By Serre's Criterion (EGA IV.2, Section 5.8 or Liu, Chapter 8, Theorem 2.23) it suffices to prove that, for all $x \in X$,
- if $\dim \mathscr{O}_{X,x} \leq 1$, then $\mathscr{O}_{X,x}$ is regular, and
- if $\dim \mathscr{O}_{X,x} \geq 2$, then $\operatorname{depth}\mathscr{O}_{X,x} \geq 2$.
But I don't see immediately how to use the regularity of the local rings of the fibres to show these results. Ideas?

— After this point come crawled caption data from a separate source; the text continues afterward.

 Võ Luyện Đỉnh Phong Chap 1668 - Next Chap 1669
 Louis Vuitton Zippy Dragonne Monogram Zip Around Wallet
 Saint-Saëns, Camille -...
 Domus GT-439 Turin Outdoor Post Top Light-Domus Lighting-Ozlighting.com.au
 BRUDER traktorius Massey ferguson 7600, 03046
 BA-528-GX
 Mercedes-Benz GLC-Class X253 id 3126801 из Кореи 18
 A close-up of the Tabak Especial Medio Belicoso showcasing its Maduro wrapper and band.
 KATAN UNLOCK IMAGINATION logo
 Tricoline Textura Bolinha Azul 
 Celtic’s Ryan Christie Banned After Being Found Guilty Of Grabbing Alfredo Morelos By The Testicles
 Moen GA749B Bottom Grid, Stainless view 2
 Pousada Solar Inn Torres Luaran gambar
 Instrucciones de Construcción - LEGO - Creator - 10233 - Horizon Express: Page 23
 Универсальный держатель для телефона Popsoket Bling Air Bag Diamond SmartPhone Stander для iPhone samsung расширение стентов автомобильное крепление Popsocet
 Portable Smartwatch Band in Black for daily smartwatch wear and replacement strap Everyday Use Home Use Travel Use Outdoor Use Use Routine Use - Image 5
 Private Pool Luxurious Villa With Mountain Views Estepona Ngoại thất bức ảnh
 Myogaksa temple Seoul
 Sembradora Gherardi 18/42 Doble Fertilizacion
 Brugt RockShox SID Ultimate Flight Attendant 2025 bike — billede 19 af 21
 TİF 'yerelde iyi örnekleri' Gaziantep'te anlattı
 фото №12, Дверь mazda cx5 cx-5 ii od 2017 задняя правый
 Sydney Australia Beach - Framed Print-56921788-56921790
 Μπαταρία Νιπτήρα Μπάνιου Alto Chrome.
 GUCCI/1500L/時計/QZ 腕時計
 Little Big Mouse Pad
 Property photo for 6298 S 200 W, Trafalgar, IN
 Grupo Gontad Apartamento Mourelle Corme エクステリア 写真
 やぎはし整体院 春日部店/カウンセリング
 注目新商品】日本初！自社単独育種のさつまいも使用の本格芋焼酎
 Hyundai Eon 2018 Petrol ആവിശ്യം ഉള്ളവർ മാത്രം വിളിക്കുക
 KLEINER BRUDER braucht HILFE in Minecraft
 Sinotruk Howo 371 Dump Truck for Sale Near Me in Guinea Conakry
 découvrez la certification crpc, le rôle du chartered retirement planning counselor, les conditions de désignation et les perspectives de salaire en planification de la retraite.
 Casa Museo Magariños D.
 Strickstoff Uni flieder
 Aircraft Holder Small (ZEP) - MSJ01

Since $X/S$ is smooth, for every point $x$ of $X$, there is an open set $U$ around $x$ such that it factors as $U\rightarrow A^1_S \rightarrow S$, where the first map is étale. (See SGA1 exposé 2 for the proof of the equivalence of this definition with smoothness.) By SGA1 1.9.5, $X$ is normal at $x$ if and only if $A^1_S$ is normal at $f(x)$.
It isn't clear to me if there's an easy way to check $A^1_S$; it seems like there should be, but nothing jumps out at me and SGA1 doesn't seem to have a normality criteria for this.